Mar 11: Not all Deadlocks are created the same
I've blogged about deadlocks in Oracle at least once before. I said then that although the following message in deadlock trace files is usually true, it isn't always.
The following deadlock is not an Oracle error. Deadlocks of
this type can be expected if certain SQL statements are
issued. The following information may aid in determining the
cause of the deadlock.
So when I came across another example recently, it seemed worth a quick blog post. Not least for the benefit of other souls who hit the same issue (and probably hit Google moments later).

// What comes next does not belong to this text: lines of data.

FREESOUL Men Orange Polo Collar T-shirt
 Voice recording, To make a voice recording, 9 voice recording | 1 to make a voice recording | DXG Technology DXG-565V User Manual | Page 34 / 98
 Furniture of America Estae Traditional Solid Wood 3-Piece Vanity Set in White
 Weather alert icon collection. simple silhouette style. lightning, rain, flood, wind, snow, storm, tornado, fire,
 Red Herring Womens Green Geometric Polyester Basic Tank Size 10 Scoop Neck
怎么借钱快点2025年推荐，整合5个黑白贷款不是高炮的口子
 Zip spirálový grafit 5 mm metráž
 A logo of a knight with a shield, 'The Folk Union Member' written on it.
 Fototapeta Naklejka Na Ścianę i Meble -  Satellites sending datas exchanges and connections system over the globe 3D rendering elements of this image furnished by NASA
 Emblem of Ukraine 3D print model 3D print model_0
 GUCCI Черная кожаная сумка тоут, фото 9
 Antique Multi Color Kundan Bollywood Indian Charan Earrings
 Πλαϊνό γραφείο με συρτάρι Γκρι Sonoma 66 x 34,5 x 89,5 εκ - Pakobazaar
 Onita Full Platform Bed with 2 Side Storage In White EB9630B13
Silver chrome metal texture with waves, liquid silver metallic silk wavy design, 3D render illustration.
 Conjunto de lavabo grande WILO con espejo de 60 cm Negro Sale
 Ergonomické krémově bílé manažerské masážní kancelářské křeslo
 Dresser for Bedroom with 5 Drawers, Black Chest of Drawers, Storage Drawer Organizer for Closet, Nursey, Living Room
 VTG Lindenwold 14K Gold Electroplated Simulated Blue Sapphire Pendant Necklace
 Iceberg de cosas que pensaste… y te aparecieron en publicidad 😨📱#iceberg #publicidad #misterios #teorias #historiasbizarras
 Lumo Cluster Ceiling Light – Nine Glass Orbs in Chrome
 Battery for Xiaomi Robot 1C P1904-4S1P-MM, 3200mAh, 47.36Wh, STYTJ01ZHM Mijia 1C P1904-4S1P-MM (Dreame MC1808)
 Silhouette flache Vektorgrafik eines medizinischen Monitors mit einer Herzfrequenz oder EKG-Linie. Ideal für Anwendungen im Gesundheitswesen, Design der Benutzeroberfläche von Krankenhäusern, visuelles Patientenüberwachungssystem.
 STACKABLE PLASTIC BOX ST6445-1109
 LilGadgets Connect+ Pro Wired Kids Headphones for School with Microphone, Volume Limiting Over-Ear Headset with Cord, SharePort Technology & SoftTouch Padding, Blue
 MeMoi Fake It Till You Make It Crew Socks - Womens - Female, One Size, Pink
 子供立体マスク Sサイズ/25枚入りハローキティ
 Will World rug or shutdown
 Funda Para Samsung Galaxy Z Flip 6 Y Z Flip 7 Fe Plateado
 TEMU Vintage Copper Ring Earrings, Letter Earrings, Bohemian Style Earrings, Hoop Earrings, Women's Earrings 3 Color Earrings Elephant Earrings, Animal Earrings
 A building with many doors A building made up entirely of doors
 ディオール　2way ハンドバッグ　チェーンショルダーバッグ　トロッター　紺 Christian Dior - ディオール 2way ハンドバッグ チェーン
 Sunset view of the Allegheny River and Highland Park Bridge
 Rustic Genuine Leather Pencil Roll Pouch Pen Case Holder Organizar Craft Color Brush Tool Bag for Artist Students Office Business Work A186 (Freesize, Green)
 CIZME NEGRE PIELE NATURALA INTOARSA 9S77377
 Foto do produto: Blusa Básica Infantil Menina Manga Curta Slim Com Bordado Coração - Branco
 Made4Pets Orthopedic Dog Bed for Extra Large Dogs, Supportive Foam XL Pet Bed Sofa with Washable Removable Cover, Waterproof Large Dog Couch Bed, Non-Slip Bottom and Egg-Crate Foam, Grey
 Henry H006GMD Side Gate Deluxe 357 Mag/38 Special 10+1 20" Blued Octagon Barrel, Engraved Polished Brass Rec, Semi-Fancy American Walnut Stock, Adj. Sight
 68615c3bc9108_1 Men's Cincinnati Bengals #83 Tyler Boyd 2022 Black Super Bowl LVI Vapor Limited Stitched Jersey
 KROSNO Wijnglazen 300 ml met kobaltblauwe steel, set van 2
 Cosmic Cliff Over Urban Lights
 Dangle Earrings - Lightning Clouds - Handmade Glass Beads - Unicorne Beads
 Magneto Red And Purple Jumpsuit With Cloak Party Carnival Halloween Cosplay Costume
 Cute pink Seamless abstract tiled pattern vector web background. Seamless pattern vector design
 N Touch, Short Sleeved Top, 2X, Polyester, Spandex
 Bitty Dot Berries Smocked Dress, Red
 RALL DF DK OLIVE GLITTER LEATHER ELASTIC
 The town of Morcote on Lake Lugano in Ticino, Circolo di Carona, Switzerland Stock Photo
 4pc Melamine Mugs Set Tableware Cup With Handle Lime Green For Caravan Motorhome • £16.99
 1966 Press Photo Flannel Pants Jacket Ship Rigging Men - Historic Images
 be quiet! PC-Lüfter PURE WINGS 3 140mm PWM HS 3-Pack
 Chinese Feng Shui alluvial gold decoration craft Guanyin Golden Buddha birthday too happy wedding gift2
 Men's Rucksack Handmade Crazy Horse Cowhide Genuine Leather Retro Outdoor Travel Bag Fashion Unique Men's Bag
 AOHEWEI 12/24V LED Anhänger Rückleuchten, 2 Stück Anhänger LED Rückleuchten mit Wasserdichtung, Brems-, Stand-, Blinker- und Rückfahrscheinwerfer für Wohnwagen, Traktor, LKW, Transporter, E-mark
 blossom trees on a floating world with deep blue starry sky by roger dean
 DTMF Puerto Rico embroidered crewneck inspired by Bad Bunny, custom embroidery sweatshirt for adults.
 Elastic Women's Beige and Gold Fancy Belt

But while it's easy to say - "Hey! Look! I found an exception! Aren't I clever?" - it occurred to me that actually Oracle's capabilities in this area might be underrated by raising the occasional anomaly. Because the truth is
1) In most cases, deadlock errors are down to the way you've written your application or some documented restriction in Oracle. The type of restrictions that you're more likely to hit if you're handling high degrees of concurrency with lots of DDL, parallel query, partition management and the like. Such activities often have unusually restrictive locking requirements and most locking issues can be turned into deadlock issues quite easily if you have a few sessions running concurrently.
2) It's still the case that Oracle will handle the deadlock situation, at least to the extent of rolling back one of the statements causing the issue. (Although, whilst writing this post, I noticed that Jonathan Lewis raised the question of what exactly people mean when they suggest that Oracle resolves deadlock issues.
3) Deadlock trace files are typically very useful and not the most difficult to read. Yes, they tend to use Oracle kernel terminology (not surprising) but I'd wager that most people could have a rough idea of the root cause with some initial analysis and could have a very detailed idea, given more time. Even if you can't decipher the things yourself, it gives Oracle Support detailed information to help root cause analysis.
So, to the particular issue we hit. Towards the end of a data loading process that loads around a billion rows in a short period of time (30/60 minutes that also includes a bunch of surrounding activities), we would hit the occasional deadlock error. Fortunately, the site I'm working at just now has a very enlightened policy towards developer access to the alert log and trace files, so I can do my own initial investigation. On digging out the relevant deadlock trace file, it looked like this (some details changed)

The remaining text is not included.